Two of my three babies preferred sleeping alone, and slept better alone, than they slept with me. One of those two moved back and forth between our bed and his crib or his own bed until he was 4 or 5; the other started insisting on sleeping alone at 3 months. She's almost 3 and it's a rare treat for me to get to rock her to sleep or snuggle with her during a nap. Cribs are a very safe option for babies who prefer to sleep alone.
posted by not that girl at 5:42 PM on July 11, 2010


afaik, you're supposed to pull the drawer out of the furniture and place it on the floor.

One of the reasons people don't do this is that a lot of babies need moving beds. We're talking wheels or rocking chair style feet. My daughter slept best in her roll-royce like pram, or on my belly, so having the pram in the bedroom was normal around my house.

Then there's baby-hammock ideas. knoppa is popular here, and you could quite easily make one yourself if you are handy.

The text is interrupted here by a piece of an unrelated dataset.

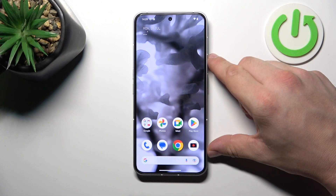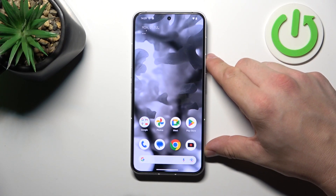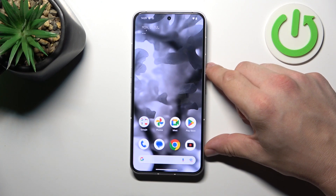Hello, in front of me I've got the Nothing Phone 2. In this video we'll check if this phone has a slow motion feature.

Don't forget the baby's preference. I bought a super expensive crib that grew with my daughter, first it's a small crib with her high up (so I don't have to bend down too far when I lay the newborn -> 9 month old down). Then it grows to a bigger crib with some additional pieces for the first year. Then you move pieces about and it's an open crib she can get in and out of herself around year 3. Then you can turn it into two kids chairs for 5 year olds. I thought I was so smart investing in that bed. Daughter had other plans, she wanted to sleep on my belly. Always.
posted by dabitch at 1:32 PM on July 23, 2010


(she's actually falling asleep on my shoulder right now. Bless.)